History of The American Legion

Good morning Legionnaires and veterans advocates, today is Tuesday, July 14, 2020, which is National Mac & Cheese Day, Pandemonium Day, National Tape Measure Day and Shark Awareness Day.

The rest of this week in Legion History:

  • July 16, 1927: The initial 213 acres of what would become The American Legion and People’s State Forest in the Pleasant Valley area of Connecticut are donated to the state by the organization. Legionnaires of the First World War make the donation to demonstrate from their experiences in Europe the proper way to manage a forest.

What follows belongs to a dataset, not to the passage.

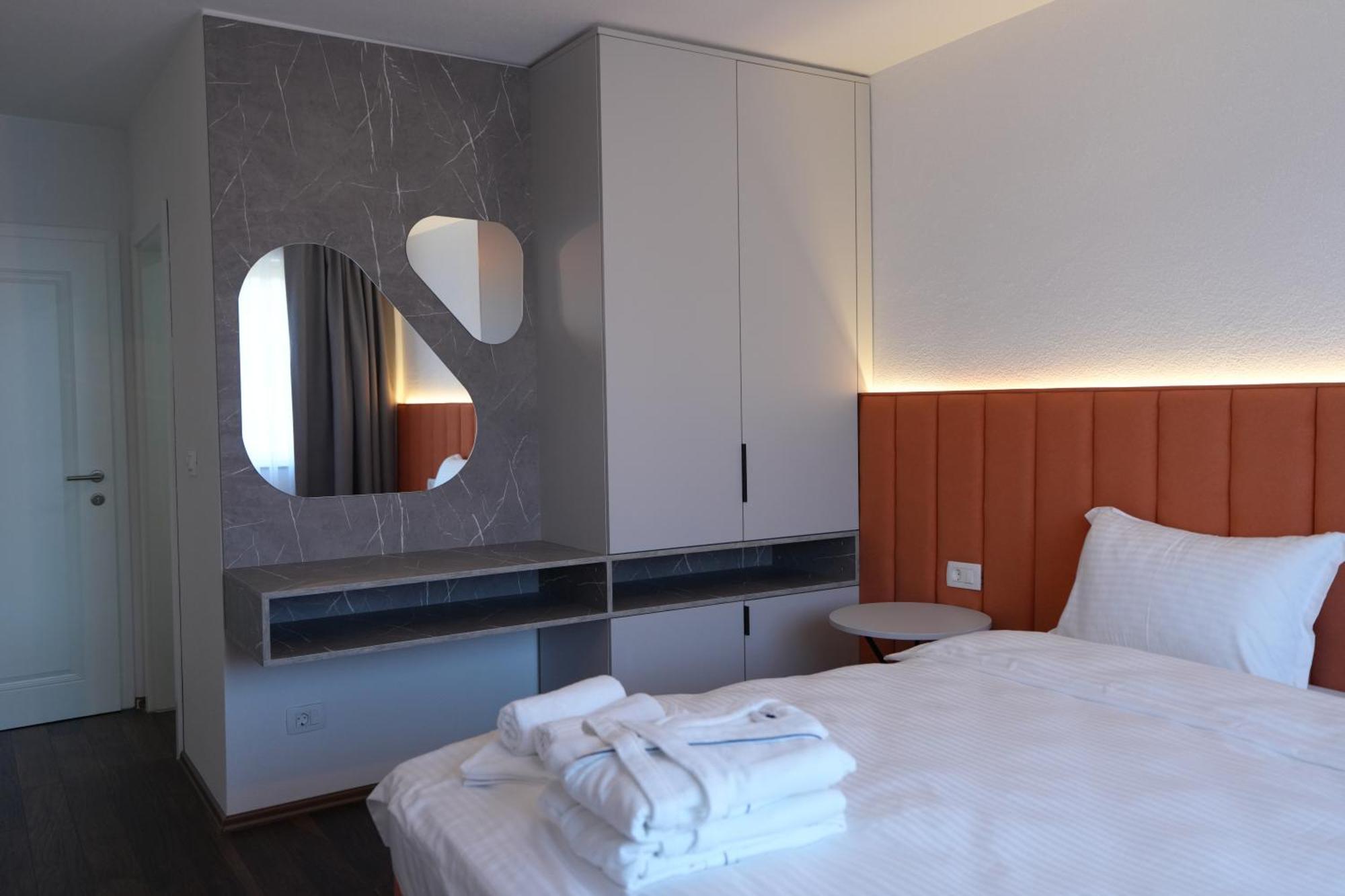 Biond Hotel Prizren Exterior foto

  • July 16, 1952: The Veterans Adjustment Act is signed into law as a readjustment benefits package for those who served in the U.S. Armed Forces during the Korean War. The 52-20 unemployment benefit is reduced to $26 for 26 weeks, rather than $20 a week for 52 weeks, as provided under the original GI Bill. Funds are also no longer dispersed directly to institutions but are paid to individual veterans at a flat rate of $110 per month, to cover tuition, fees, books and living expenses while they are at college.

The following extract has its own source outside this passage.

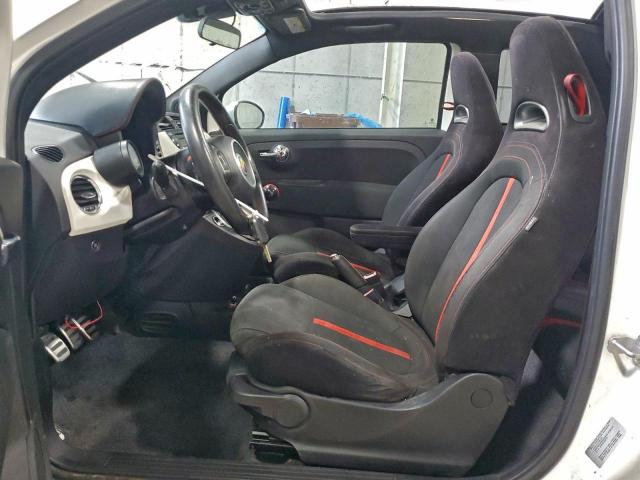 FIAT 500 Abarth Image 4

  • July 17, 1925: The idea of American Legion Baseball originates in Millbank, S.D. Sioux Falls attorney and South Dakota American Legion Department Commander Frank G. McCormick invites Maj. John L. Griffith to speak at the department convention. At the time, Griffith is commissioner of the Western Conference (later the Big Ten). He speaks to Legionnaires about the importance of athletics in the development of youth. That leads to the establishment of the first American Legion Baseball teams that summer in South Dakota. The idea spreads quickly across the nation, and a resolution at the 1925 national convention in Omaha in October makes it a national program, set to begin in 1926.
  • July 18, 1944: Past American Legion Department of France and Paris Post 1 Commander George Aubrey is shot and killed by Nazi soldiers, during World War II German occupation of Paris, while on patrol with fighters of the French Resistance.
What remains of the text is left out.